Note: I can manage till union of the tables. Need some guidance on lookup and transformation.

2
@shankarsh15 has shared the hive-UDF approach towards the lookup. This involves disk I/O contribution from the developer's side. How about using correlated sub queries and let Hive handle the same? Any comments are welcome. Thanks. - Marco99

2 Answers

1
votes

To basically do a lookup Please follow these steps below,

  1. You have to create a custom User Defined function(UDF) which basically does the look up work,meaning you have to create a Java Program internally for looking up, jar it and add it to Hive something like below:

    ADD JAR /home/ubuntu/lookup.jar

  2. You then have to add lookup file containing keyvalue pair as follows:

    ADD FILE /home/ubuntu/lookupA;

  3. You then have to create a temporary lookup function such as

    CREATE TEMPORARY FUNCTION getLookupValueA AS 'com.LookupA';

  4. Finally you have to call this lookup function in the Select query which will basically populate lookup value for the given lookup key.
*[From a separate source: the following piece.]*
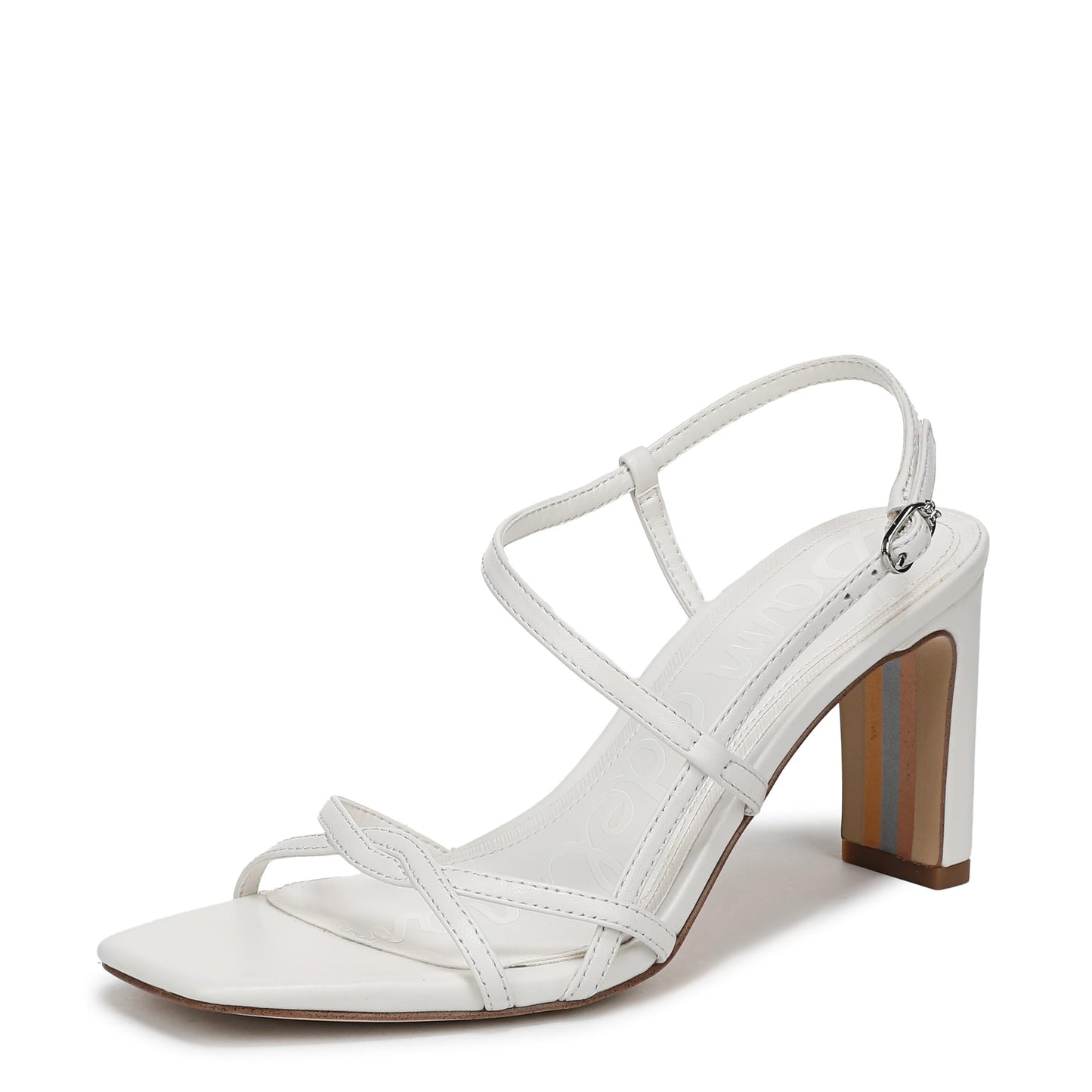 Elissa Block Heel Sandals Women Minimal Zip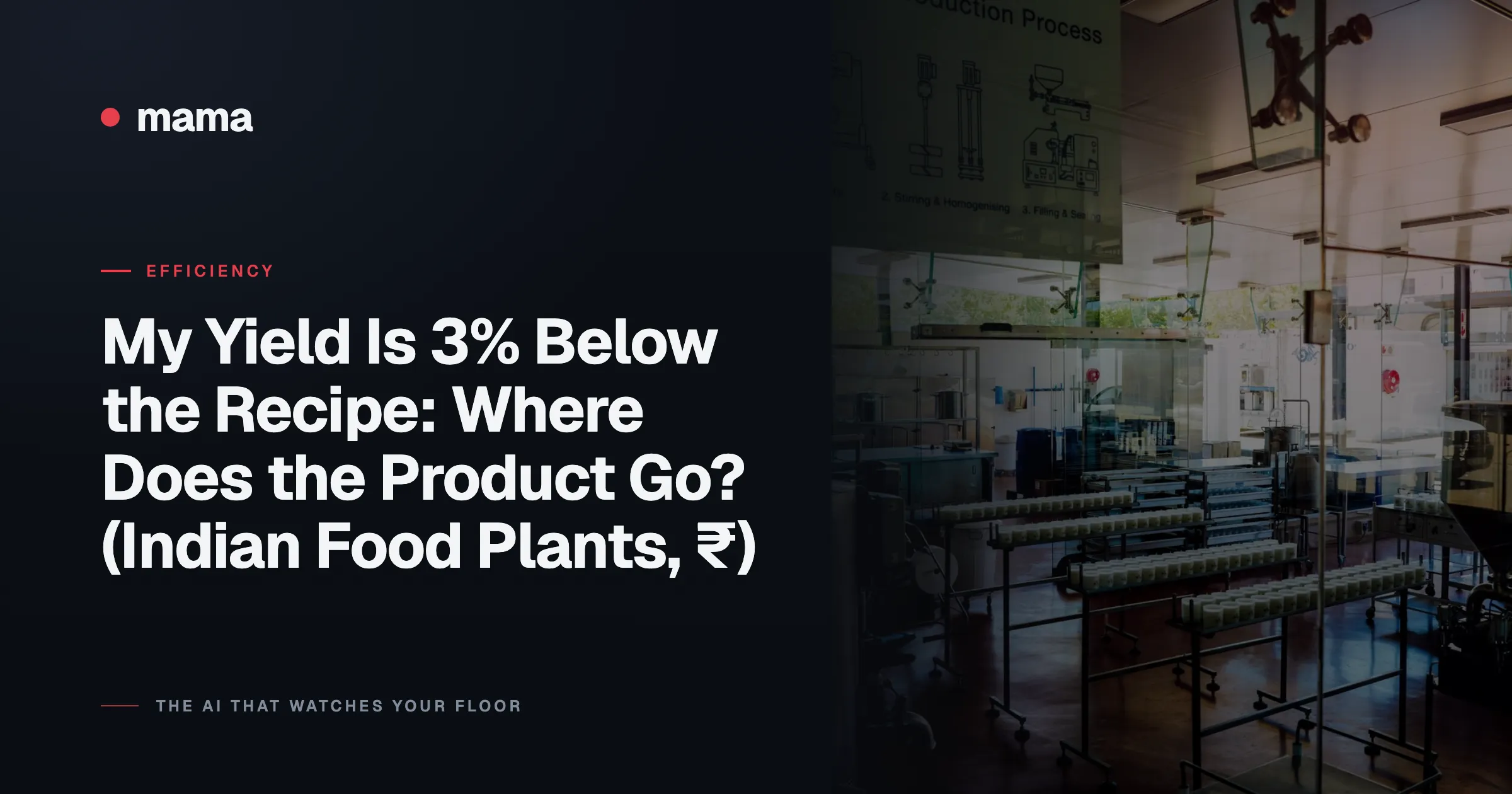 My Yield Is 3% Below the Recipe: Where Does the Product Go? (Indian Food Plants, ₹)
    Same thing can be achieved using JOIN but that will take a hit on the performance.

Taking a join approach you can very well join by the lookupcode for source and lookup tables something like

select a.key,b.lookupvalue
table a join lookuptable b
where a.key=b.lookupKey

Now for Date Transformation, you can use Date functions in Hive.

0
votes

For the above problem follow the following steps:

  1. Use union schema to union two tables(schema must be same).
  2. For the above scenario you can try pig script. script would look like(jn table A and tableB with lookup table and generate the appropriate columns):
    • a = join TableA by codesA left outer, lookupA by codesA.
    • b = join a by codesB left outer, lookupB by codesB.

Similarly for Table B.

Suppose some value of codesA does not have a value in the lookup table, then:

z = foreach b generate codesA as codesA, valueA is null ? '0' as valuesA.

(will replace all null values from value with 0).

  1. If you are using Pig 0.12 or later, you can use ToString(CurrentTime(),'yyyy-MM-dd')

I hope it will solve your problem. Let me know in case of any concern.